**PROBLEM TO WORK ON**
Please repeat only the lines below starting at the line that holds "الفاتنة المحترفة في" and ending at the line that holds "Lộ ảnh hộ chiếu", exactly, with both of those lines included and every picture omitted.

**THE DATA**
::::::::::
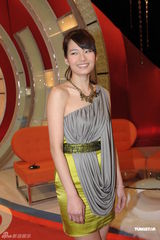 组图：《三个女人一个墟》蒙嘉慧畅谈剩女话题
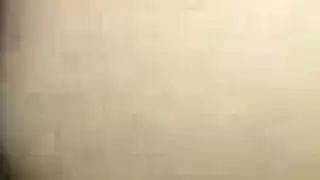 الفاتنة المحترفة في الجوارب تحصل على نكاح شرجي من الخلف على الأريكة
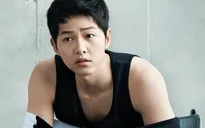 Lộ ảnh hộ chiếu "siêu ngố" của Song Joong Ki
::::::::::
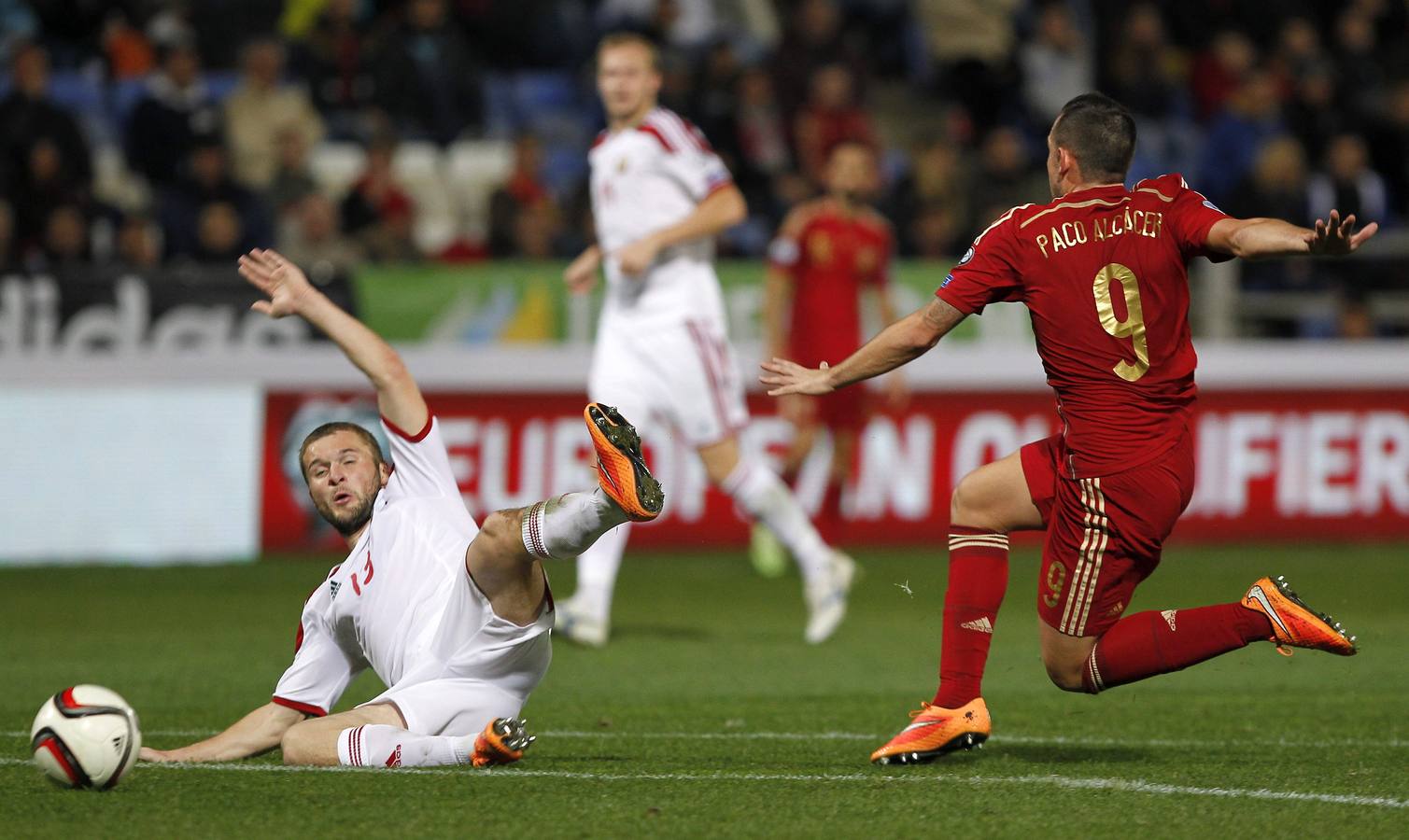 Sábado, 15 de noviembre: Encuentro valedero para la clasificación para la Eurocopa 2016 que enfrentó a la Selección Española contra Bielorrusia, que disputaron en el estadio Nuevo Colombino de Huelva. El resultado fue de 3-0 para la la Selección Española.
::::::::::
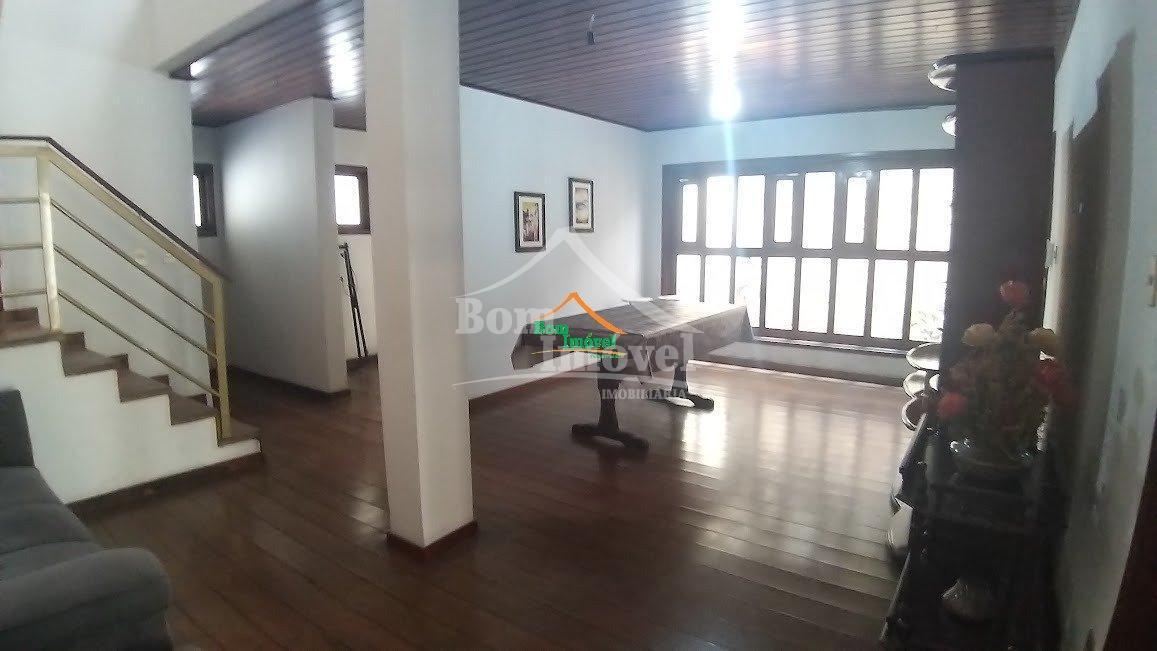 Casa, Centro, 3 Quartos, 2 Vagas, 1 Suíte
::::::::::
**SOLUTION TO THE EXERCISE**
 الفاتنة المحترفة في الجوارب تحصل على نكاح شرجي من الخلف على الأريكة
 Lộ ảnh hộ chiếu "siêu ngố" của Song Joong Ki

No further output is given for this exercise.